Daily Prayer

Prayer is one of life's greatest mysteries. If you asked someone what prayer means, they would have some difficulty explaining it. If one doesn't pray, the idea of starting to pray is an intimidating prospect. Even the Apostles asked Christ how to pray, and He gave them the Our Father.

To pray is to raise one's mind and heart to God. How do we do that?
At Benedictine, we strive to make the cadets comfortable with prayer; we try to get them talking to God. Prayer is said at the beginning of each day on the intercom, before each and every class, and school-wide with Mass, prayer services, and retreats. Prayers are said before athletic events and even before practice.
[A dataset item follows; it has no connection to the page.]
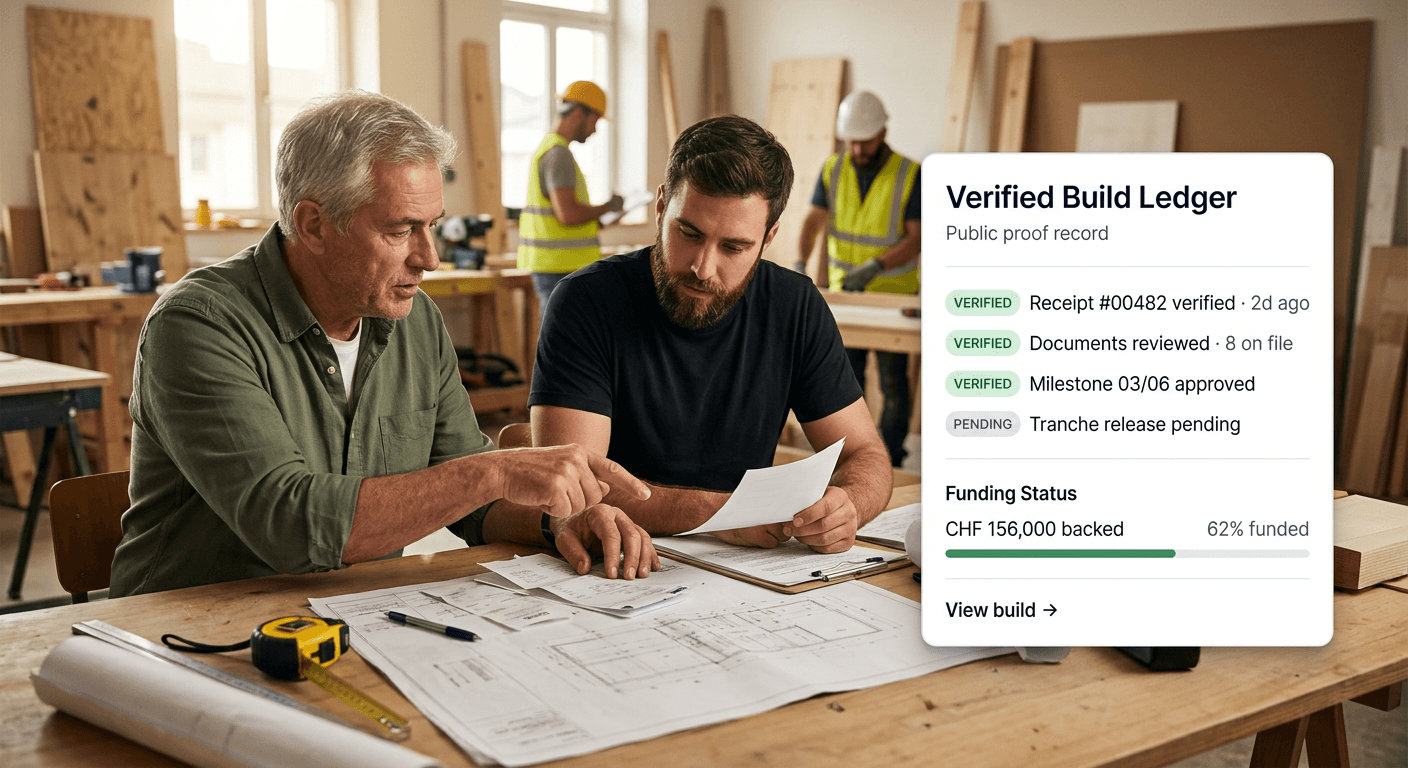 Two operators reviewing build documents on workshop bench, with verified build ledger UI overlay showing approved milestones, documents, and funding status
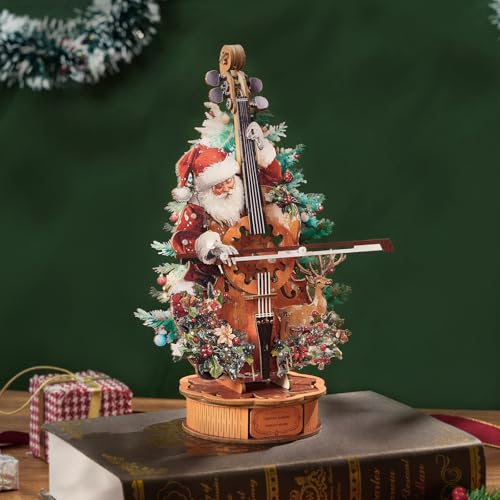 Cutywood 3D Holzpuzzle Erwachsene, Weihnachtskonzert Cello Holz Spieluhr Modellbausätze, Basteln/Schreibtisch Wohn Dekoration/Hobbys für Frauen und Männer, Geschenk zum Geburtstag und zu Weihnachten von Cutywood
Prayer helps us to place real trust in God, and the more we trust Him, the more he provides for us, and the more peaceful we are.n order to begin prayer, we need to know prayers, and we need to say prayers. We need to get comfortable with the idea of talking to God—offering adoration, thanksgiving, being contrite for sin, and petitioning Him for our needs.

Sign of the Cross

The familiar and time honored Sign of the Cross can be traced back in one form or another to the first century. At Benedictine Cadets open and close all daily prayers by blessing themselves with the Sign of the Cross.

"In the name of the Father, and of the Son, and of the Holy Spirit. Amen."

Glory Be
The Glory Be is a short expression of praise from the very early Church. The Glory Be focuses on the Trinity, three persons in one God. "Glory be to the Father, and to the Son, and to the Holy Spirit. As it was in the beginning, is now, and will be forever. Amen."

The Lord's Prayer

This prayer was given to us by our Lord Jesus Christ Himself when the apostles asked Him to teach them to pray (Mt 6:9-13) and has been an important prayer since. The Didache (1st/2nd century catechism) commends the prayer to be recited by the faithful three times during the day. In the latter part of the 4th century it became an official part of the Mass where it was originally recited after the breaking of the bread. Later, Pope Gregory the Great, influenced by St. Augustine, moved it to just before the breaking of the bread where it has been ever since. Today, the Didache's tradition of reciting the prayer thrice daily continues in the Church with the Lord's prayer being recited at Mass and then twice more during the Liturgy of the Hours, at Lauds and Vespers.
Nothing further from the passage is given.